災害のために納税できない場合はどうすべき?

世界的に見て、日本の災害の多さはトップクラスです。2011年3月に発生した東日本大震災や2018年7月に発生した広島市の豪雨災害など、日常生活はもちろん、企業活動にも影響を及ぼす激甚災害も少なくありません。2022年9月に発生した台風15号による静岡県の豪雨災害も記憶に新しいところです。このような災害が原因で損失を受けた場合は、税制上の優遇策が利用できます。いくつか紹介しましょう。

まず、全積極財産(財産から負債などを除外した額)のおおむね20%以上の損失を受けた場合は、納税の猶予が受けられます。「災害等により被害を受けたことにつき、一時に納付することができないと認められる国税」です。所得税、法人税、相続税、贈与税、給与の源泉所得税、消費税など、納める予定だった国税なら認められる可能性があるので、事前に確認しましょう。

猶予期間は原則として1年以内です。ただし、損害が深刻な場合など、やむを得ない理由があればすでに認められている猶予期間と合わせて2年を超えない範囲内で、猶予期間の延長が受けられます。最大で3年間まで猶予を受けられると考えましょう。

なお、この制度を利用するためには、原則として猶予を受けようとする金額に相当する担保を提供しなくてはいけません。猶予期間が3カ月以内もしくは猶予金額が100万円以下の場合に加え、特別の事情がある場合も不要になる仕組みです。担保の提供が難しい場合も、一度相談してみるのをおすすめします。

その他の利用できそうな制度も押さえておこう

一度災害が起きると、商品や店舗に損害が生じるので、それを修繕しなくてはいけません。

これらは損失や経費として計上できます。

また、災害による損失を計上した結果として損金(赤字)が発生した場合は、発生した事業年度から10年間にわたって繰越控除が可能です。

加えて、災害特別損失勘定も利用できます。簡単にいうと、災害にかかる支出を前倒しで負債として計上する引当金のようなものと考えましょう。ただし、利用するにあたっては、災害損失特別勘定に関する明細書 を添付しなくてはいけません。

従業員に当座の生活費として災害見舞金を渡すことも、精神的・金銭的なフォローとしては有効です。

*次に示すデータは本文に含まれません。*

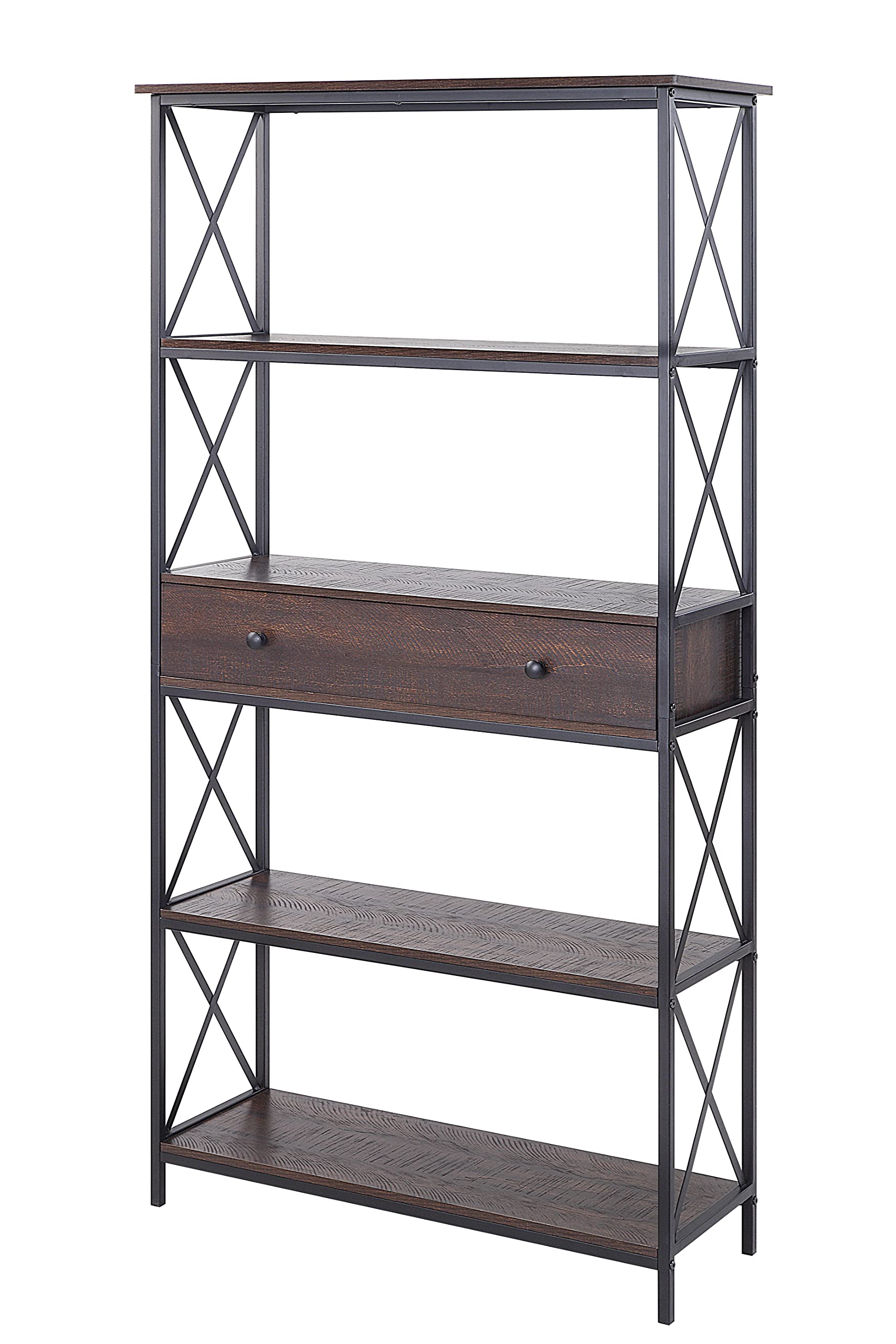 Buy RAAMZO 5Tier Industrial Metal XDesign Bookcase Bookshelf with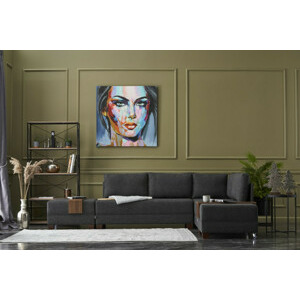 ASIR Rohová sedací souprava s rozkladem na lůžko FLY pravá antracit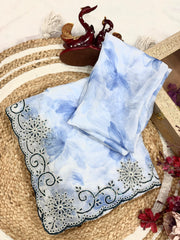 Party Wear Sky Blue Printed Silk Saree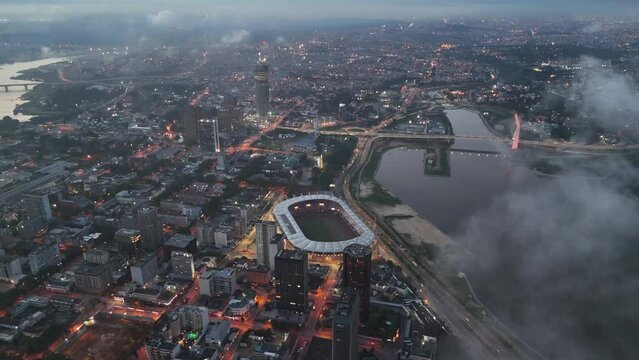 Aerial view of the city of Abidjan and the football stadium Felix Hupouet in Vinny in Abidjan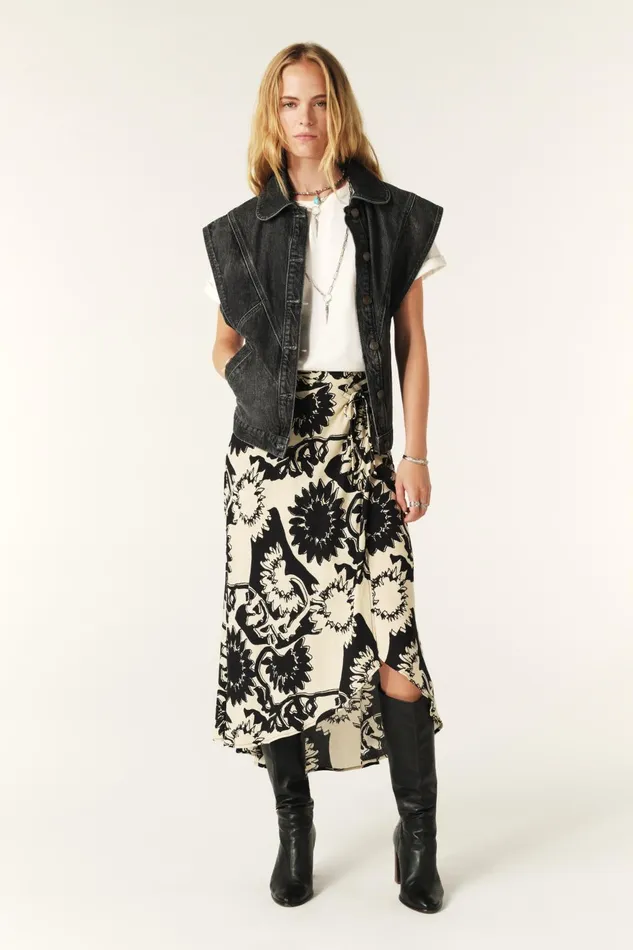 Midi Wrap Skirt Fybo Green Women Baandsh Skirts and Shorts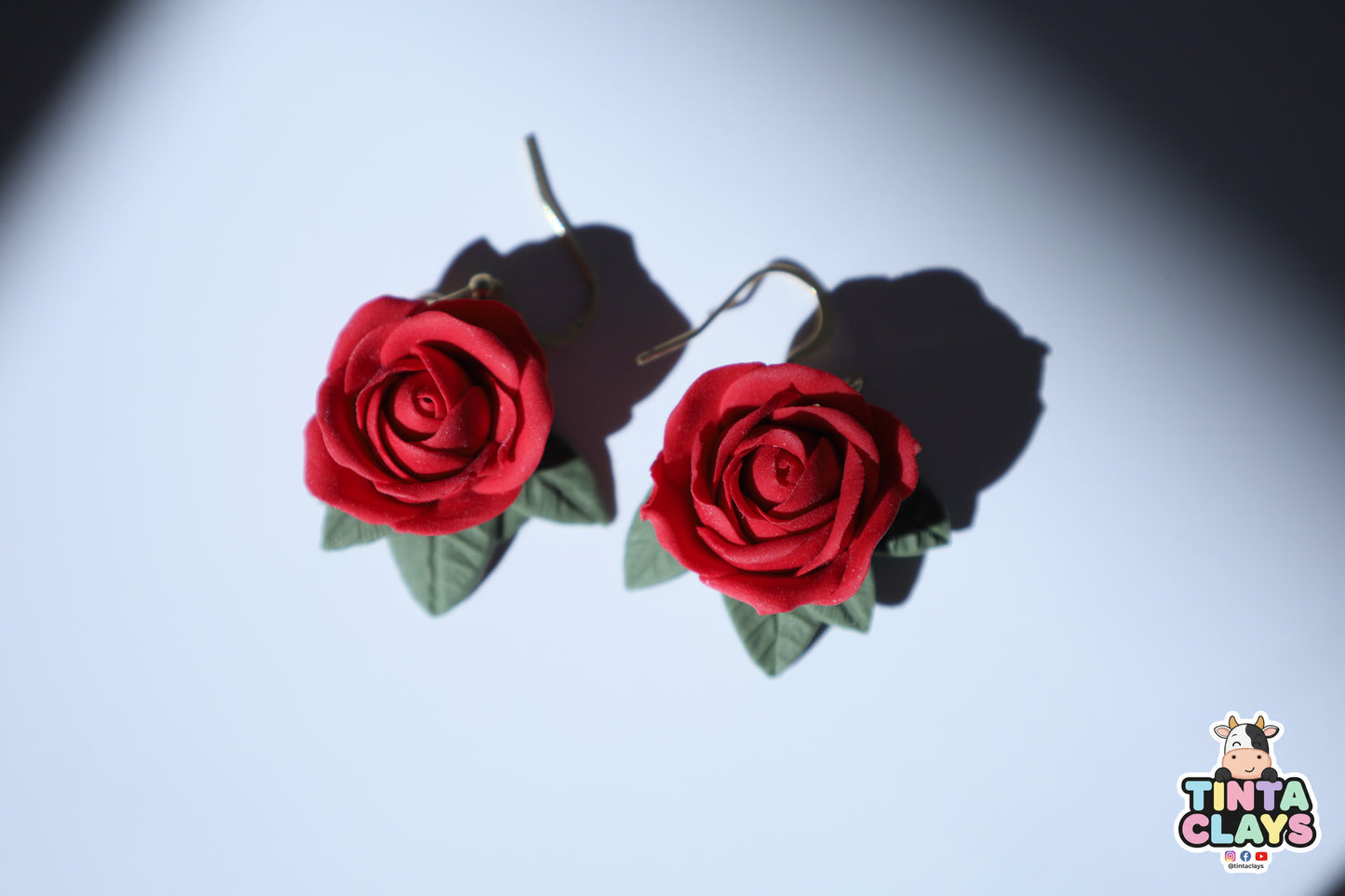 Handmade Red Rose Earrings | Polymer Clay Floral Earrings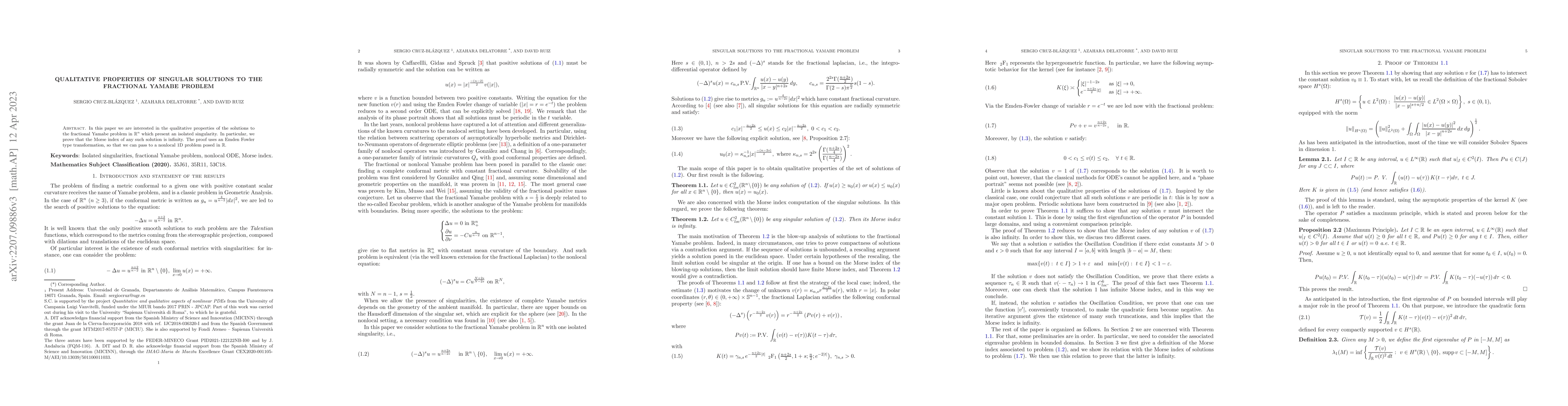 Thumbnail for Qualitative Properties of Singular Solutions to the Fractional Yamabe
  Problem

この場合、以下の条件を満たせば災害見舞金を福利厚生費として扱えます。

  • 被災した全従業員に対して被災した程度に応じて支給されていること
  • 金額が受け手の従業員の社会的地位に合わせた見舞金と社会通念上妥当であること

日本に住んでいる限り、災害にまったく遭わない可能性は低いです。「災害はいつか起きるもの」と考え、普段から入念に準備しましょう。仮に起きてしまった場合でも、今回紹介した税金上の負担を和らげられる制度も上手に活用してください。